College of Kinesiology, University of Saskatchewan, 87 Campus Drive, Saskatoon, SK, Canada.
Appl Physiol Nutr Metab. 2011 Jul;36 Suppl 1:S49-79. doi: 10.1139/h11-037.
We systematically reviewed the safety of physical activity (PA) for people with arthritis, osteoporosis, and low back pain. We searched PubMed, MEDLINE, Sport Discus, and the Cochrane Central Register of Controlled Trials (1966 through March 2008) for relevant articles on PA and adverse events. A total of 111 articles met our inclusion criteria. The incidence for adverse events during PA was 3.4%-11% (0.06%-2.4% serious adverse events) and included increased joint pain, fracture, and back pain for those with arthritis, osteoporosis, and low back pain, respectively. Recommendations were based on the Appraisal of Guidelines for Research and Evaluation, which applies Levels of Evidence based on type of study ranging from high-quality randomized controlled trials (Level 1) to anecdotal evidence (Level 4) and Grades from A (strong) to C (weak). Our main recommendations are that (i) arthritic patients with highly progressed forms of disease should avoid heavy load-bearing activities, but should participate in non-weight-bearing activities (Level 2, Grade A); and (ii) patients with osteoporosis should avoid trunk flexion (Level 2, Grade A) and powerful twisting of the trunk (Level 3, Grade C); (iii) patients with acute low back pain can safely do preference-based PA (i.e., PA that does not induce pain), including low back extension and flexion (Level 2, Grade B); (iv) arthritic patients with stable disease without progressive joint damage and patients with stable osteoporosis or low back pain can safely perform a variety of progressive aerobic or resistance-training PAs (Level 2, Grades A and B). Overall, the adverse event incidence from reviewed studies was low. PA can safely be done by most individuals with musculoskeletal conditions.

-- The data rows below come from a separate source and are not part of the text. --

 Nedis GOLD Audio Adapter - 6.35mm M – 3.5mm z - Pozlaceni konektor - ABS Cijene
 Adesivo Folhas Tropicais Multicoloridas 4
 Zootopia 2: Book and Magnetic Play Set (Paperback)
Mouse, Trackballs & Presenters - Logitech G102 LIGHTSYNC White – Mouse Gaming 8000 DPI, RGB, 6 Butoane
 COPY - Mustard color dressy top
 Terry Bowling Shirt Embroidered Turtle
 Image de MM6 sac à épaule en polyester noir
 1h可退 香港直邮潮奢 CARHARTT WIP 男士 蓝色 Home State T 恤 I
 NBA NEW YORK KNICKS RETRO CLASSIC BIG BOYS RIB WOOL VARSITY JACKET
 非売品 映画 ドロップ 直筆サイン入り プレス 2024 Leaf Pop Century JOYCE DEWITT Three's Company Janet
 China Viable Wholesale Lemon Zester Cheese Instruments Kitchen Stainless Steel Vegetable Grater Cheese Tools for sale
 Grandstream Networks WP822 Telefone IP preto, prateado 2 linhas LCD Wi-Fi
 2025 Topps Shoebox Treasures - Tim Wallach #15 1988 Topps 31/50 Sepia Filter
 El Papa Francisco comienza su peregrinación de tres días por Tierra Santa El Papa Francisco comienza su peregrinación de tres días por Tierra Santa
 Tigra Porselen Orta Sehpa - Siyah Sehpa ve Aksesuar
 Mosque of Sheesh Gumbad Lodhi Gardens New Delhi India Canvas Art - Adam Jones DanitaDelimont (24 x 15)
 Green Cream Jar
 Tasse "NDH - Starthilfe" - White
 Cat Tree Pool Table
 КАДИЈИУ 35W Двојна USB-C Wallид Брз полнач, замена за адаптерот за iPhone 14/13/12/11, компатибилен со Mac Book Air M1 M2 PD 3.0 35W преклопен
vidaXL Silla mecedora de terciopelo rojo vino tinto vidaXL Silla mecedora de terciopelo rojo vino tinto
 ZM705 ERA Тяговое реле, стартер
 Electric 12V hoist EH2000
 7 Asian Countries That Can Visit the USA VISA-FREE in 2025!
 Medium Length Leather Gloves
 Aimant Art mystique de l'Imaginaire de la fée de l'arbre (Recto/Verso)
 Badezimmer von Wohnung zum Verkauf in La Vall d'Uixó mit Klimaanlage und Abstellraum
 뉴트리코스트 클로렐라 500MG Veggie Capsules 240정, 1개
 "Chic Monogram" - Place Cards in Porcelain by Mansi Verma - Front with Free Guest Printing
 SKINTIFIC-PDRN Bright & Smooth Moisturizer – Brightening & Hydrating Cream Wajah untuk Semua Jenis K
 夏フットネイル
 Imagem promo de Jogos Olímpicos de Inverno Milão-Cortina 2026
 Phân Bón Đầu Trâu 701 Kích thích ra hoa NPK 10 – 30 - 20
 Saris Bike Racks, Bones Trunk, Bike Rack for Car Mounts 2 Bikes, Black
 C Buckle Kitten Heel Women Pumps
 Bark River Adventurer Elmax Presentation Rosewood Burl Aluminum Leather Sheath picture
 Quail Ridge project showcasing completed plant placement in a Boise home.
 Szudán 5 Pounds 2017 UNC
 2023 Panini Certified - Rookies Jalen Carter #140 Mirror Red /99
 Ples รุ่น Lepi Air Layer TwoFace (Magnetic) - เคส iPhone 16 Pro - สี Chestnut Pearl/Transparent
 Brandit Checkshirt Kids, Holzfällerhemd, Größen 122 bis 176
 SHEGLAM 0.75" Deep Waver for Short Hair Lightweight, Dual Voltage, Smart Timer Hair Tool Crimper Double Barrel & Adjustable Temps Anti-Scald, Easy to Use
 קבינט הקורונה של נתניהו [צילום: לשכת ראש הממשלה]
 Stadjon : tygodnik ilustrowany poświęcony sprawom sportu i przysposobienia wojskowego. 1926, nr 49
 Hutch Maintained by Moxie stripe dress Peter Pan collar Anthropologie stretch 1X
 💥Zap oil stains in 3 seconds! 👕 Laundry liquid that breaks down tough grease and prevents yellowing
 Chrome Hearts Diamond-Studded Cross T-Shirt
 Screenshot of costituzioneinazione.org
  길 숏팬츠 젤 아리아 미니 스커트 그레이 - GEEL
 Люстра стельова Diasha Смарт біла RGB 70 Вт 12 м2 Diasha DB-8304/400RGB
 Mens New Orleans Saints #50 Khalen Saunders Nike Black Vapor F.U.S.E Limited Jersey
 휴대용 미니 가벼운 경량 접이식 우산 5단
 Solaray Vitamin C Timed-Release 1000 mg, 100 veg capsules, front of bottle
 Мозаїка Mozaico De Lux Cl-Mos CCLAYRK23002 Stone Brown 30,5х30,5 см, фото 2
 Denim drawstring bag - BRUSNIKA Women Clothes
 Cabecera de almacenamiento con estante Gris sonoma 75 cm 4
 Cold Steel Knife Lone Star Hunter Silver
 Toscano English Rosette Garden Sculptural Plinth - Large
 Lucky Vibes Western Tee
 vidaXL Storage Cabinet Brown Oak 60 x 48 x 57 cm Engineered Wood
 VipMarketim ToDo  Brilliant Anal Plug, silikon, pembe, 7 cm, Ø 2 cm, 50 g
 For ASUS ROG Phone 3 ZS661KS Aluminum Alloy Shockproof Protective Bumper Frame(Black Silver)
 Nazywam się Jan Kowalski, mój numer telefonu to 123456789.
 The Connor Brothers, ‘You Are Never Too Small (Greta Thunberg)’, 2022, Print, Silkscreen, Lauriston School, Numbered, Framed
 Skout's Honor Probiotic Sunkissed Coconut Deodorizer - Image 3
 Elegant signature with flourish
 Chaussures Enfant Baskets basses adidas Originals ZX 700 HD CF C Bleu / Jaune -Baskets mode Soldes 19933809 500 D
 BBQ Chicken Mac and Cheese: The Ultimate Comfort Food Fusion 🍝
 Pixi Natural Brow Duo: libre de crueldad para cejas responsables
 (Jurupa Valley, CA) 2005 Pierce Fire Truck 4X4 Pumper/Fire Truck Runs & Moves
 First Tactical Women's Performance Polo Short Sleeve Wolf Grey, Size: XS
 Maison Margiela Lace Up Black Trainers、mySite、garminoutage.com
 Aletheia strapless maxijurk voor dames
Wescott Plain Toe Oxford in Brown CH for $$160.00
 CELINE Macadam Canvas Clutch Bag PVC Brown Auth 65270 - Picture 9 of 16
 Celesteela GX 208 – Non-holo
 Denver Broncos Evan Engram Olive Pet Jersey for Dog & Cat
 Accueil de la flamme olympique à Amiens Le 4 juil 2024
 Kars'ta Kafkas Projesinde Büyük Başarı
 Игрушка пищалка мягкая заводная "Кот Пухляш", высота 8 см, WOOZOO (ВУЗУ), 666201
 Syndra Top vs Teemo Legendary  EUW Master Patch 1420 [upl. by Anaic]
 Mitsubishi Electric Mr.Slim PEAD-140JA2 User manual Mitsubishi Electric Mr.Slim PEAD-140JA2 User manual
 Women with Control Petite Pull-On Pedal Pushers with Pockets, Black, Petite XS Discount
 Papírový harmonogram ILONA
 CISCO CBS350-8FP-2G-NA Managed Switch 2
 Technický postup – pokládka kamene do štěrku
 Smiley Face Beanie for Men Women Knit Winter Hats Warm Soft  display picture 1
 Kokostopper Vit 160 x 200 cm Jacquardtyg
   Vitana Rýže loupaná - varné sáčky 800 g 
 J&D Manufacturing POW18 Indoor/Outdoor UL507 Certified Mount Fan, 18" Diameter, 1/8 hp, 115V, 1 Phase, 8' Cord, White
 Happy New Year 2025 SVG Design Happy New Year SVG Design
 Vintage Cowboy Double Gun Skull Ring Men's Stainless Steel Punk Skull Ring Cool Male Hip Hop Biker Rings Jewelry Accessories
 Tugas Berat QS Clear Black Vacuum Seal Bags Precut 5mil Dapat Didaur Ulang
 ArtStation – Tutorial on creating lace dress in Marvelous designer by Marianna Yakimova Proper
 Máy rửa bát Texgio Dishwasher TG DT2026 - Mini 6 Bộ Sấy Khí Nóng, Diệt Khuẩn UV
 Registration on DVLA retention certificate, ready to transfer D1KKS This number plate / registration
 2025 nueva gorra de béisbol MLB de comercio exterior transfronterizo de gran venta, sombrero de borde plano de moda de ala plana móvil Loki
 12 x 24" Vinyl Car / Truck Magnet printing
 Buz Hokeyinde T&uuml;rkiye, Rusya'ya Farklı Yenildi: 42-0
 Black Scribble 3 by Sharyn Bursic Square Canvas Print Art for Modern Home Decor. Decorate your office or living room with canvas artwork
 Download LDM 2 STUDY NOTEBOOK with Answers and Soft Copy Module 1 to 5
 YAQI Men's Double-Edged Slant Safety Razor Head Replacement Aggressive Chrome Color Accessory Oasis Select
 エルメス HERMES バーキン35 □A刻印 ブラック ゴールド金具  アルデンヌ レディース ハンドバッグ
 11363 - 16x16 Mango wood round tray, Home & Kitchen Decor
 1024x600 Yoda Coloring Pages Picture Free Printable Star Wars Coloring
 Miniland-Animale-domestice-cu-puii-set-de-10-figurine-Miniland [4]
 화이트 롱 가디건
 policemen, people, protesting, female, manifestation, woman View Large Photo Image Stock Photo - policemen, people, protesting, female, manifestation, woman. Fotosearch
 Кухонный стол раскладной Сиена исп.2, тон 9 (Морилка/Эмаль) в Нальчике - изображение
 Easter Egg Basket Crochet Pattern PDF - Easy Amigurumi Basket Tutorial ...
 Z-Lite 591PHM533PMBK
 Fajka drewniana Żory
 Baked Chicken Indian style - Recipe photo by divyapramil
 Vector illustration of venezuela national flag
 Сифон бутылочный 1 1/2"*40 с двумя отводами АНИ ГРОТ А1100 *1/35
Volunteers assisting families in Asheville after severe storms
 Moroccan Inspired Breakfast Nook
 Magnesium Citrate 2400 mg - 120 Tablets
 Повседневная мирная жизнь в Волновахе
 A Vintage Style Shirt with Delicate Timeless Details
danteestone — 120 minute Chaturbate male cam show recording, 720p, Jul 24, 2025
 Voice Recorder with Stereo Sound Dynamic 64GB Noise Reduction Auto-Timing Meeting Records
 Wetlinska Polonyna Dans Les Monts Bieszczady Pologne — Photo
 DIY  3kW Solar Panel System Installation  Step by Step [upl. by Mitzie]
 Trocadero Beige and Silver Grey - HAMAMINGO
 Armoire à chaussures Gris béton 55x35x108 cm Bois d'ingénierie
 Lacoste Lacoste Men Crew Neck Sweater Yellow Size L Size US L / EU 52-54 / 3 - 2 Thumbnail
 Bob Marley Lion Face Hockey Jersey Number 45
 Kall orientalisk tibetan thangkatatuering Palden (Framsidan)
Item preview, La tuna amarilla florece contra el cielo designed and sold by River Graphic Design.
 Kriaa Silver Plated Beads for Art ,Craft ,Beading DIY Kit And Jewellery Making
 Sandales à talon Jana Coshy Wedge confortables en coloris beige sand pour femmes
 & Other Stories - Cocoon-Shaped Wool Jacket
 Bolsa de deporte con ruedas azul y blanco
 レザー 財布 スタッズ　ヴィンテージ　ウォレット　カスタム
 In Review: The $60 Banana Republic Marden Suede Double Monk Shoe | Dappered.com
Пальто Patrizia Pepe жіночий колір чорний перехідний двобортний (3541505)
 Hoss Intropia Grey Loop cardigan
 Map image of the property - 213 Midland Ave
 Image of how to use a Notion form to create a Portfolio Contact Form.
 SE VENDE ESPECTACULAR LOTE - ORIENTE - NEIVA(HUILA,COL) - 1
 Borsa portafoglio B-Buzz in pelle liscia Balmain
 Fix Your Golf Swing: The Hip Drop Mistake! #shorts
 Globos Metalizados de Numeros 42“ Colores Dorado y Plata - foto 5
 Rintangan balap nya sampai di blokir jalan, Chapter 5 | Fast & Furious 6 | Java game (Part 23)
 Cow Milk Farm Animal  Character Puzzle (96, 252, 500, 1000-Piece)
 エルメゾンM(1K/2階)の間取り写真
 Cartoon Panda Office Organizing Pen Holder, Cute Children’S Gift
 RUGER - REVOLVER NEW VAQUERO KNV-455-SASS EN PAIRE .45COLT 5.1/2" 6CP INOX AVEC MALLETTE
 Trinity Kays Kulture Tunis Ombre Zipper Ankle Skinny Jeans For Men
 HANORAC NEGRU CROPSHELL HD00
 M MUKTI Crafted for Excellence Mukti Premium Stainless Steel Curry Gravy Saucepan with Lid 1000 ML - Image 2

我们系统地回顾了体力活动(PA)对关节炎、骨质疏松症和下背痛患者的安全性。我们在 PubMed、MEDLINE、Sport Discus 和 Cochrane 对照试验中心注册库(1966 年至 2008 年 3 月)中搜索了关于 PA 和不良事件的相关文章。共有 111 篇文章符合我们的纳入标准。PA 期间不良事件的发生率为 3.4%-11%(0.06%-2.4%为严重不良事件),分别包括关节炎、骨质疏松症和下背痛患者的关节疼痛加重、骨折和背痛。建议是基于评估研究和评价指南,该指南根据研究类型应用证据水平,从高质量的随机对照试验(1 级)到轶事证据(4 级),以及从 A(强)到 C(弱)的等级。我们的主要建议是:(i)疾病进展程度较高的关节炎患者应避免负重活动,但应参加非负重活动(2 级,A 级);(ii)骨质疏松症患者应避免躯干弯曲(2 级,A 级)和躯干强力扭转(3 级,C 级);(iii)急性下背痛患者可以安全地进行基于偏好的 PA(即不会引起疼痛的 PA),包括下背部伸展和弯曲(2 级,B 级);(iv)病情稳定、无进展性关节损伤的关节炎患者以及病情稳定的骨质疏松症或下背痛患者,可以安全地进行各种渐进性有氧或抗阻训练 PA(2 级,A 级和 B 级)。总的来说,从审查研究中得出的不良事件发生率较低。大多数患有肌肉骨骼疾病的人都可以安全地进行 PA。